The very willing Suzuki Splash braked well and after topping a steep climb chuntered me down into a placid valley. I came to a junction and realised where I was: at the mouth of the little valley that runs up behind Khirokitia.
Last summer the valley had been baked dry when I looked down into it from the Khirokitia settlement. Now it looked very tempting.
I climbed out of the car and a chap with a big, nicotine-stained moustache, shades, baseball cap and backpack came walking along. We exchanged a 'Kalemera' and got to talking in English about the pleasantness of the day, the harshness of the preceding weather, and the big freeze grinding down on Russia. It turned out the guy, who I assumed was a local Greek Cypriot, was from Brooklyn, New York. We made our farewells and he headed off into the nearby cafe for his coffee. It would have been interesting to hear his story of, I assumed, emigration and return.

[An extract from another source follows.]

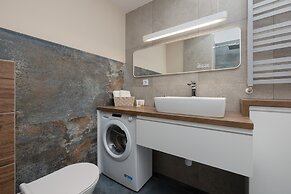 Porta Mare Sea View by Renters Prestige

It really was a remarkable day: the sky a scintillating ultramarine blue, the sun beneficent, the air pure, warm, redolent of the not-so-far-away sea.
I climbed the steep rocky track skirting the valley floor and little lemon orchard tucked in down by the stream. A butterfly floated by. Birds sang. Distant voices called across the fields. A scent of spices hung in the limpid, welcoming air.
I passed a bright orange sign declaring that this was a Wildlife Conservation Area and that Hunting was prohibited - in Greek, Turkish and English. Littered on the stony ground was a a concatenation of spent shotgun cartridges of every colour imaginable (for shot gun shells that is). Did they stand here of a weekend and shoot into the Conservation Area, I wondered. Or maybe someone put up clay pigeons for the local afficianados.
I followed the track down to the valley floor, took a look at an old abandoned dwelling, noted the big dog tracks in the wet mud of the roadbed, wondered at the amount of debris swept down the little stream by winter rains, searched wistfully for a loosened Aceramic Neolithic antiquity in the wash and gravel and along the freshly eroded banks of deep, fecund soil. To no avail.
But it was blissful to be alive there and then and to know that this valley and its tight valley-floor fields had been cultivated for over 8,000 years.